Problem statement
Find the line that holds "Scania L94UB Wright" in the material below. Output that line and each one after it exactly, but not the pictures.

Recorded data
>>
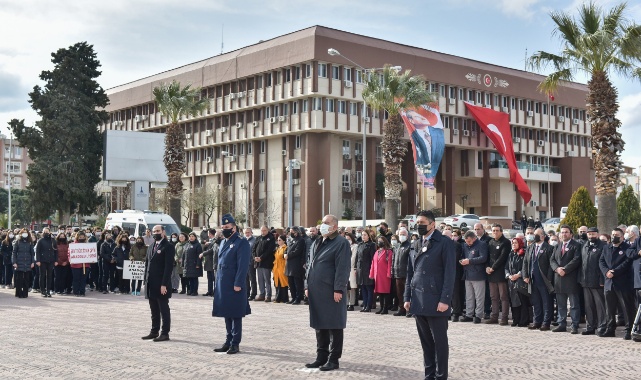 Çanakkale Şehitleri Aliağa&#039;da Anıldı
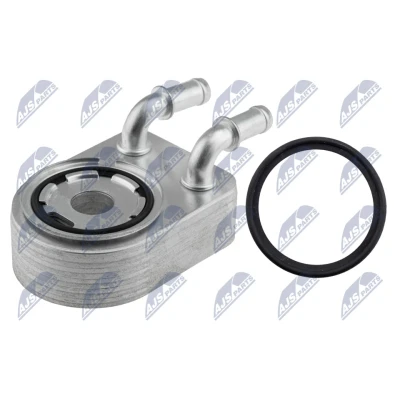 Immagine di NTY CCL CH 004 Radiatore Olio raffreddato ad acqua FIAT: Freemont, JEEP: Compass, DODGE: Journey MPV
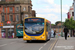 Scania L94UB Wright Solar n°623 (FJ03 VWN) sur la ligne 9 (Kinchbus) à Nottingham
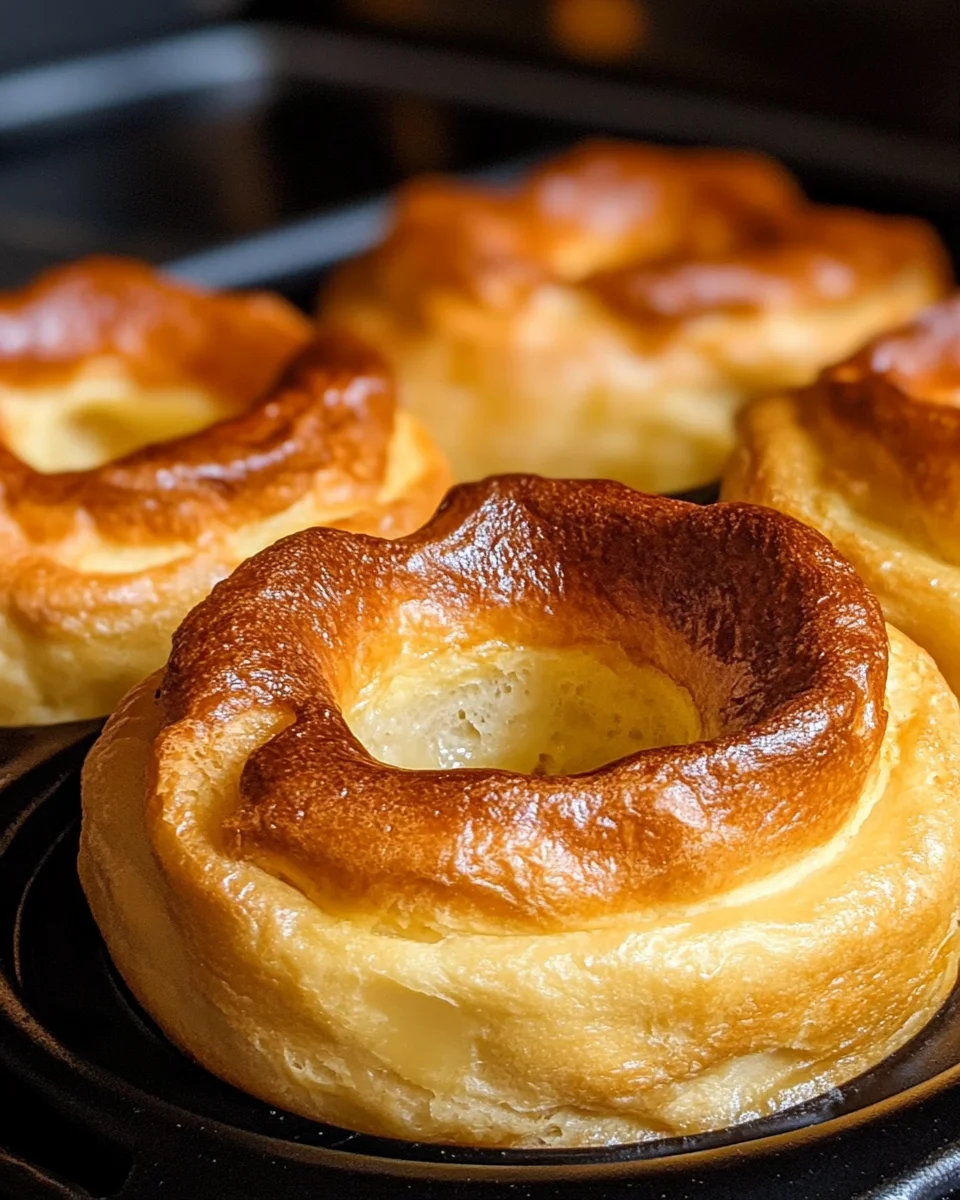 Flawless Yorkshire Puddings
<<
Task result
 Scania L94UB Wright Solar n°623 (FJ03 VWN) sur la ligne 9 (Kinchbus) à Nottingham
 Flawless Yorkshire Puddings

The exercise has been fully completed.